Third and finally, we addressed this difference in the dose by independently deriving cells resistant to 100nM of either doxorubicin or epirubicin. With these cells, we recapitulated the main findings from DoxR and EpiR cells, upholding the conclusions of the paper, i.e. that there are some similar adaptations, as well as unique adaptations, such as increased OXPHOS capacity in the EpiR cells and the elevated usage of glutamine for glutathione synthesis in DoxR cells.
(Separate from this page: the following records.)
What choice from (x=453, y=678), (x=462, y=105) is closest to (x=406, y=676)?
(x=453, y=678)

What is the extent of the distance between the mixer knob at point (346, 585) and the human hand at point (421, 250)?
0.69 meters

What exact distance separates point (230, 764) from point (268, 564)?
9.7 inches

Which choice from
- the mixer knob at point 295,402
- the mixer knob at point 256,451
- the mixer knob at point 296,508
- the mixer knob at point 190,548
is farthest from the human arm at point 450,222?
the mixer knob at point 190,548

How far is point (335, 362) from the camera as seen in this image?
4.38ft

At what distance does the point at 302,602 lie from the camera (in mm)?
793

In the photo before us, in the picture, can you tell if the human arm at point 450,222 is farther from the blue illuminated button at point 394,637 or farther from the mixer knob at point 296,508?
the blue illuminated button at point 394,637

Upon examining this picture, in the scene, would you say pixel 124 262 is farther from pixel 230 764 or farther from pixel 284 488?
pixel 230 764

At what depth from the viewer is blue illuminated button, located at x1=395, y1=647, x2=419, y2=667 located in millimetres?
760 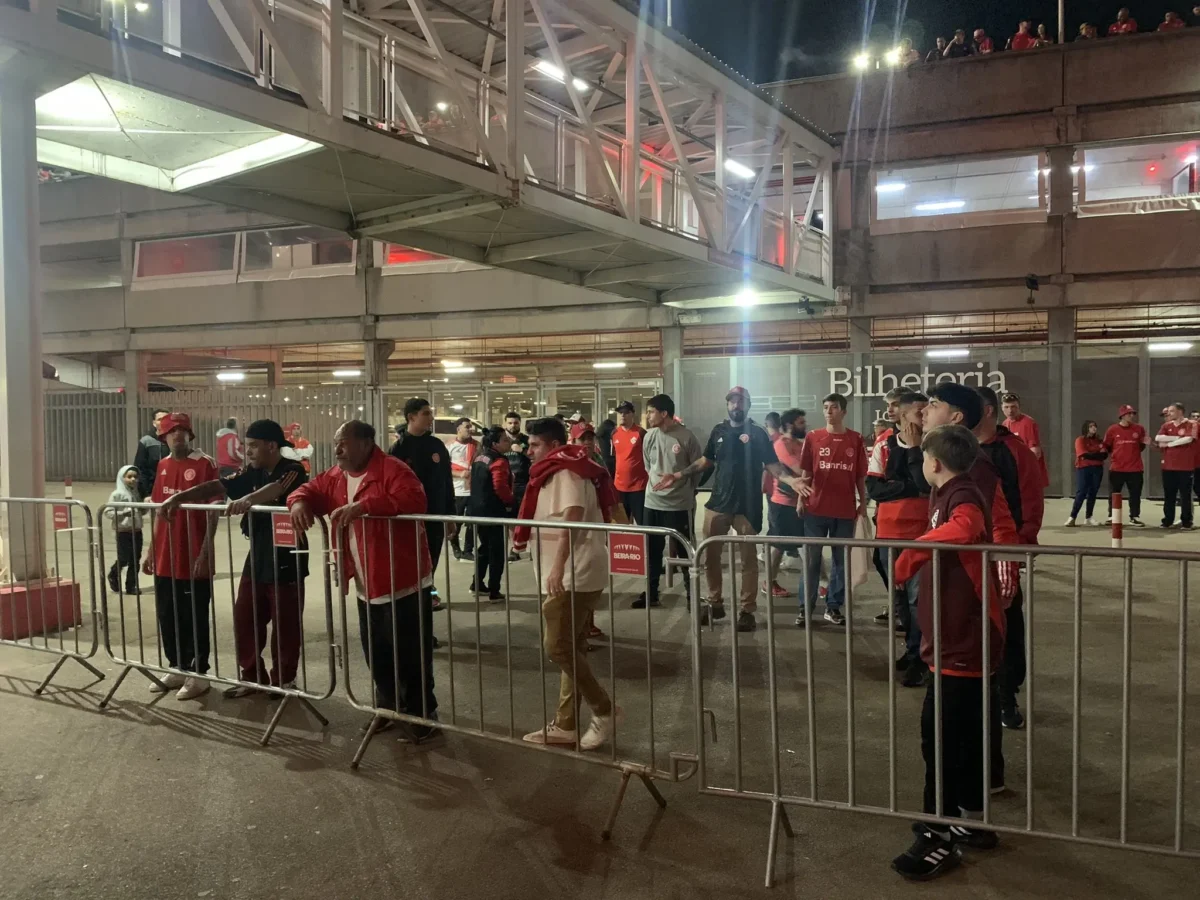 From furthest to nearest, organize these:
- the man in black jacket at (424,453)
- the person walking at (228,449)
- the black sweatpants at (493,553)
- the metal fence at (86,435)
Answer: the metal fence at (86,435), the person walking at (228,449), the black sweatpants at (493,553), the man in black jacket at (424,453)

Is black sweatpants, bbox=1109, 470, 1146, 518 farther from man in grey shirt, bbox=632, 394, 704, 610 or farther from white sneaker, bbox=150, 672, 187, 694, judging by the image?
white sneaker, bbox=150, 672, 187, 694

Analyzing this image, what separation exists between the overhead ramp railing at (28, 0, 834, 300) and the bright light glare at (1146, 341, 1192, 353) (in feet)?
20.2

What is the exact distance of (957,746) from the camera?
341 cm

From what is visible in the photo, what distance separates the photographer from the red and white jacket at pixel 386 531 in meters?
4.58

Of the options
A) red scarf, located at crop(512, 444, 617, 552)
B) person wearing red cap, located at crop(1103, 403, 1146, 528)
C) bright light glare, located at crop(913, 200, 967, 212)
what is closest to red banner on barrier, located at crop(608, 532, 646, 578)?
red scarf, located at crop(512, 444, 617, 552)

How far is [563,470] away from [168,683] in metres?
3.24

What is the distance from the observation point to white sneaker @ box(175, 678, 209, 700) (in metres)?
5.46

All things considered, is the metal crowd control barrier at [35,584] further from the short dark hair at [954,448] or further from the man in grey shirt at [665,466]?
the short dark hair at [954,448]

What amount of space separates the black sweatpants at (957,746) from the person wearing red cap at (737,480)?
12.0 ft

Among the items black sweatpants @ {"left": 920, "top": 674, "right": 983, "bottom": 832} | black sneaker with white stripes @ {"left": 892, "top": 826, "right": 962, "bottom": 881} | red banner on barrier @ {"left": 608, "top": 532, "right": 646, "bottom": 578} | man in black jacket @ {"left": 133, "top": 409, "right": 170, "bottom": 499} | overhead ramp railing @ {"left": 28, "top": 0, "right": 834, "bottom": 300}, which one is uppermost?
overhead ramp railing @ {"left": 28, "top": 0, "right": 834, "bottom": 300}

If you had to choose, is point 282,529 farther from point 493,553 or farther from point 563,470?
point 493,553

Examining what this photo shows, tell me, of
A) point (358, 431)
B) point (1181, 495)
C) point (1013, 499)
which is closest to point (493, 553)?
point (358, 431)

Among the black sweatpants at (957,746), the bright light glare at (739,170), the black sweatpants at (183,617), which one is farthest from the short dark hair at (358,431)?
the bright light glare at (739,170)

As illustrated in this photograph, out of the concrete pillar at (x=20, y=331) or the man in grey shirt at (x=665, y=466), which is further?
the man in grey shirt at (x=665, y=466) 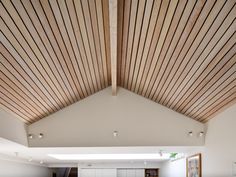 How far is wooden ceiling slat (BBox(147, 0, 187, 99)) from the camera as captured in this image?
125 inches

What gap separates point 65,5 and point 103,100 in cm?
366

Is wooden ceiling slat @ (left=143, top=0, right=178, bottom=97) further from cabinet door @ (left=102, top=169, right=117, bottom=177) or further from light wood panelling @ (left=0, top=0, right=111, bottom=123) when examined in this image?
cabinet door @ (left=102, top=169, right=117, bottom=177)

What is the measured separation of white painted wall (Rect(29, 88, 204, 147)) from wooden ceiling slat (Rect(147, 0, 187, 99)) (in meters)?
0.47

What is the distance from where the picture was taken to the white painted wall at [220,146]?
16.1ft

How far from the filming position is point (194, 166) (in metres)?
7.15

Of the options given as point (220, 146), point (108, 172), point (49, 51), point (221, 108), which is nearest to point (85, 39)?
point (49, 51)

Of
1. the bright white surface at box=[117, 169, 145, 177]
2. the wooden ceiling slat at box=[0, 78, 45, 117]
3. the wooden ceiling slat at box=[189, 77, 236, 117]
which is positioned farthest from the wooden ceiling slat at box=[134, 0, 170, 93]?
the bright white surface at box=[117, 169, 145, 177]

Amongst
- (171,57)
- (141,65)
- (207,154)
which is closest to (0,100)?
(141,65)

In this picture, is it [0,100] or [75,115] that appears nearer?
[0,100]

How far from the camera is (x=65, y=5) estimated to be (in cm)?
321

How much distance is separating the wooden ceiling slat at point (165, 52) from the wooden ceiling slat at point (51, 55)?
52.7 inches

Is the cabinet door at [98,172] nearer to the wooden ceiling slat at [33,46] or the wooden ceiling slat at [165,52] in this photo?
Answer: the wooden ceiling slat at [165,52]

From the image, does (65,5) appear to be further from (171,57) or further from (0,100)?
(0,100)

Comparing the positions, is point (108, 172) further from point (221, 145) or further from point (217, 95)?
point (217, 95) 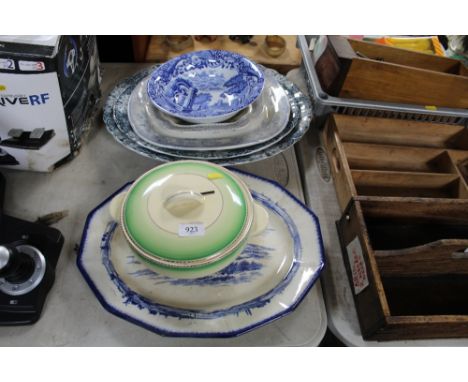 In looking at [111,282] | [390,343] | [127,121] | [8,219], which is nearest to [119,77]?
[127,121]

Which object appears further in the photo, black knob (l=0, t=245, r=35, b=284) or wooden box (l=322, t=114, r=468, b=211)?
wooden box (l=322, t=114, r=468, b=211)

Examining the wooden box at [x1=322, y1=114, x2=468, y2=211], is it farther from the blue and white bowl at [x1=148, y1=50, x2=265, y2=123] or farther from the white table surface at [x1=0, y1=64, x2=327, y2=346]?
the blue and white bowl at [x1=148, y1=50, x2=265, y2=123]

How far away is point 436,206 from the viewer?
2.25 ft

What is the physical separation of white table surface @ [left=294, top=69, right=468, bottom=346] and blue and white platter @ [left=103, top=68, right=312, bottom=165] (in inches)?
4.3

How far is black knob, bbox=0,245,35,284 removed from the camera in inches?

To further address the reviewer’s concern and confirm that these cells are indeed stably resistant, we performed a drug holiday experiment. After 7 weeks of proliferation without drug, both DoxR and EpiR cells fully retained their level of resistance when re-exposed to 98.1 nM doxorubicin and 852 nM epirubicin, respectively – see Figure 1—figure supplement 1A in the resubmitted manuscript.

Other points:

1. Can the authors do any experiments to explore (or possibly speculate in the discussion) why the two drugs would elicit different resistance mechanisms?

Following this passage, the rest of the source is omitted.